Today’s post is part of a blog tour for a new Welsh novel: The Jeweller (Y Gemydd) by Caryl Lewis (translated by Gwen Davies, published last week by Honno Press). Lewis is a prolific writer for adults and children in the Welsh language, and has also worked on the TV drama series Y Gwll/Hinterland and Craith/Hidden. She won the Wales Book of the Year Award for her novel Martha, Jac a Sianco, which was translated into English (by Davies) as Martha, Jack & Shanco. I reviewed that book for Fiction Uncovered a few years ago, and I’ve looked forward to reading Lewis again ever since.
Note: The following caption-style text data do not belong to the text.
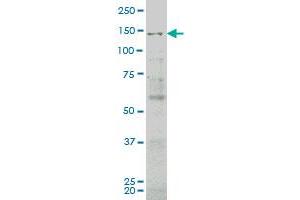 JAG2 monoclonal antibody (M03), clone 4F10 Western Blot analysis of JAG2 expression in COLO 320 HSR . (JAG2 antibody  (AA 121-210))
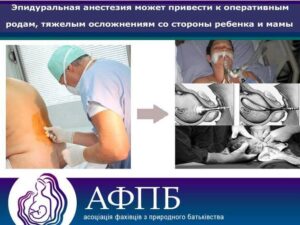 Read more about the article Почему у эпидуральной анестезии нет показаний?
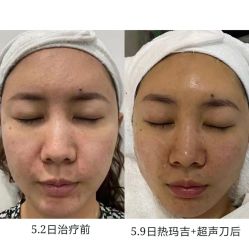 -上海伊莱美医疗美容医院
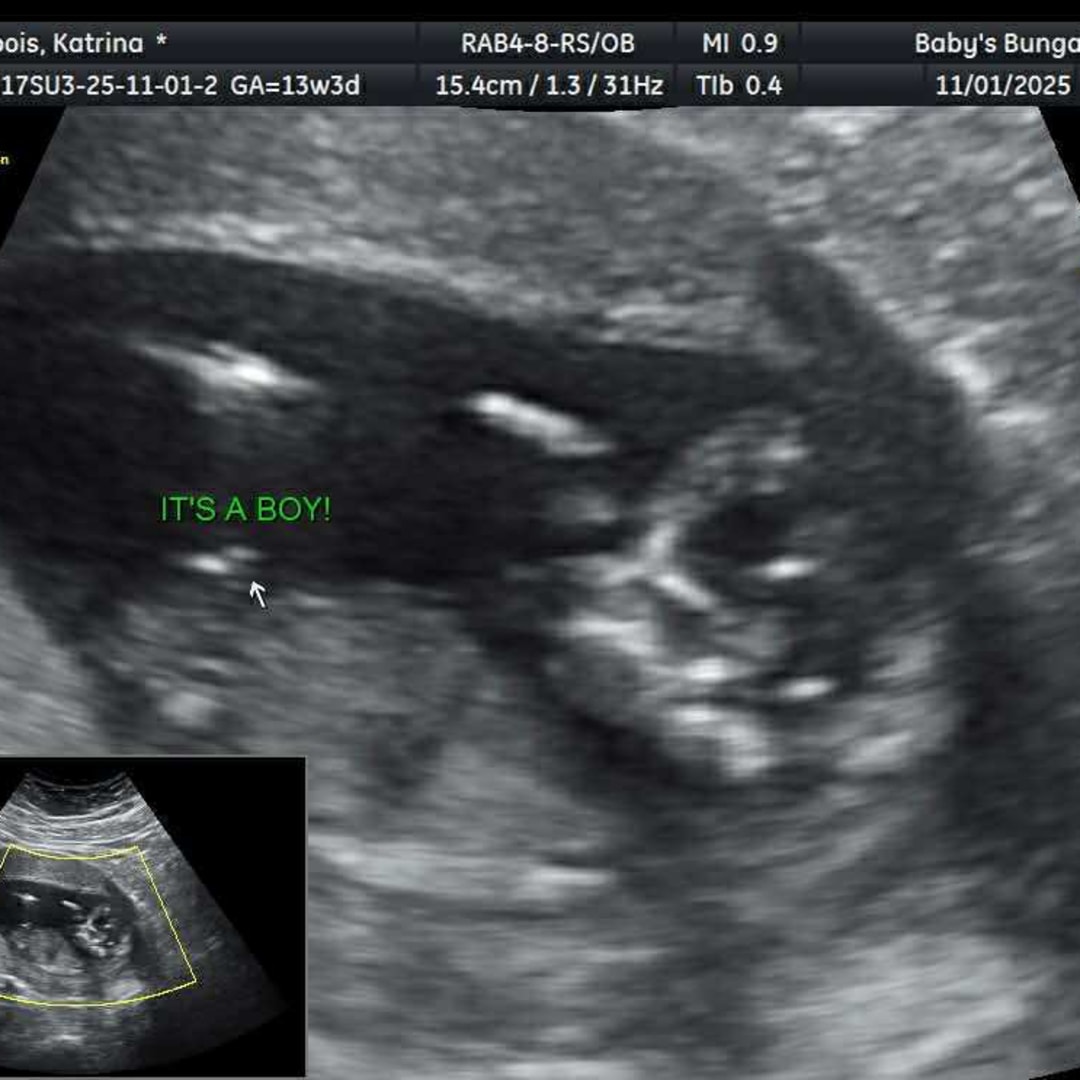 Photo shared by Katrina for their Babylist baby registry.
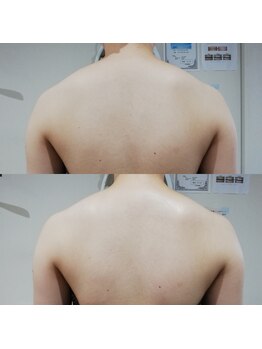 RiとBiのたまご/(ブライダル)引き締め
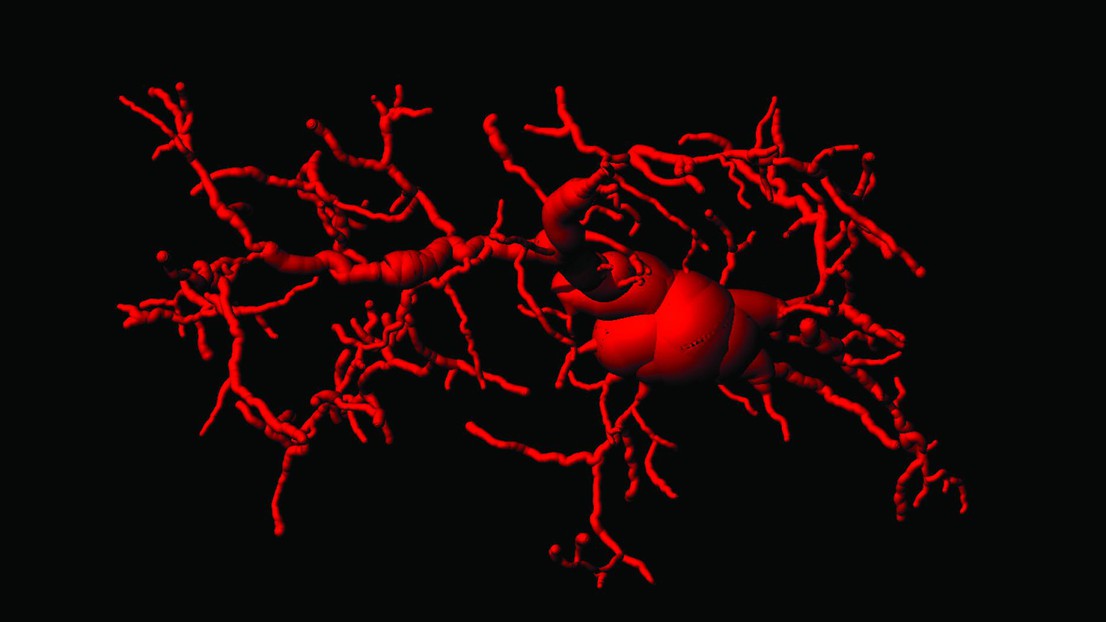 An activated microglia cell in the brain of cGAS/STING activated mice. © 2023 EPFL/ Gulen et al. Nature 02  August 2023. DOI: 10.1038/s41586-023-06373-1 (0)- CC-BY-SA 4.0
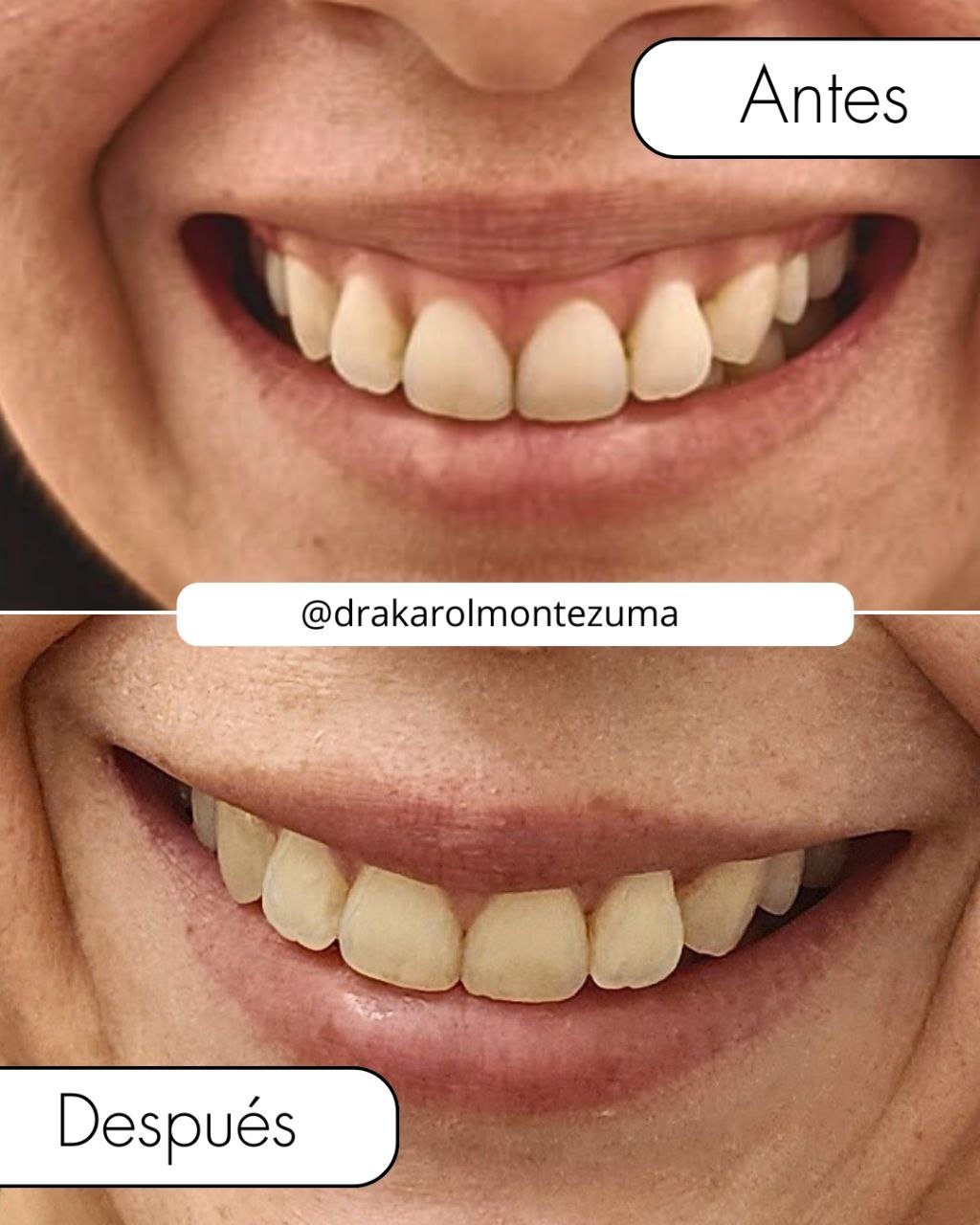 Sonrisa gingival - Toxina Botulínica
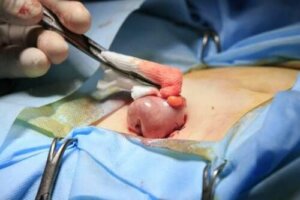 Kolostomia: na czym polega i jak się ją wykonuje?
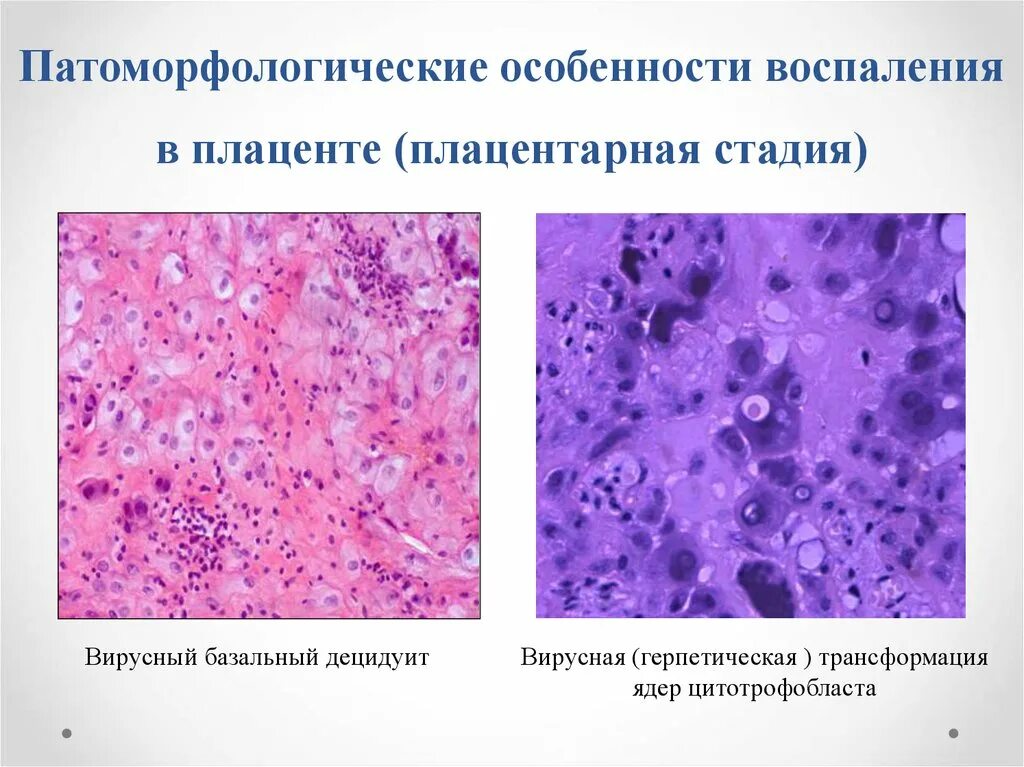 Очаговый гнойно. Очаговый децидуит гистология. Патология плаценты микропрепараты. Серозный очаговый базальный децидуит. Хориодецидуит гистология.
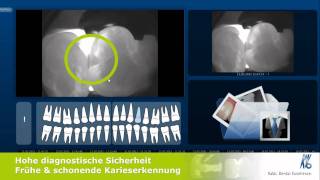 KaVo DIAGNOcam Strahlungsfreie Kariesdiagnostik [upl. by Ahtrim]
The Jeweller is the story of Mari, who lives alone in a cottage by the sea with her cat and her monkey, Nanw. Mari runs a market stall selling jewellery and vintage clothing; she also helps her fellow trader Mo with clearing out dead people’s homes, in return for for first refusal of anything she might like to sell.
So, Mari spends her time surrounded by the bits and pieces of other lives. But her most prized possession is a piece of raw emerald that first caught her eye as a child. She would love to cut it just a little, to see the shine within. However, Mari knows enough to be wary:
But yes, of course such gorgeous uncut gems can trick you. She’d heard of jewellers sent insane by years of knowing a stone’s face as incisively as they did their own. They’d put all their faith in it. Been led to believe they had the key to every cell. That it was rock solid. But they’d take up their tools and it would flake to powder just the same. Leaving the memory of that germ of beauty.
This illustrates one of The Jeweller‘s main themes, which is about what lies beneath the surface of life, and how fragile it may all be. For a start, Mari’s market is under threat of closure. There are also hints of secrets in Mari’s past. They don’t come into full focus until the novel approaches its end, so there’s a sense of tension throughout as you never know which way things will turn. The Jeweller adds up to a portrait of a character at a crossroads in her life, uncertain of her options but in need of a direction.
The Jeweller (2007) by Caryl Lewis, tr. Gwen Davies (2019), Honno Press, 208 pages, paperback.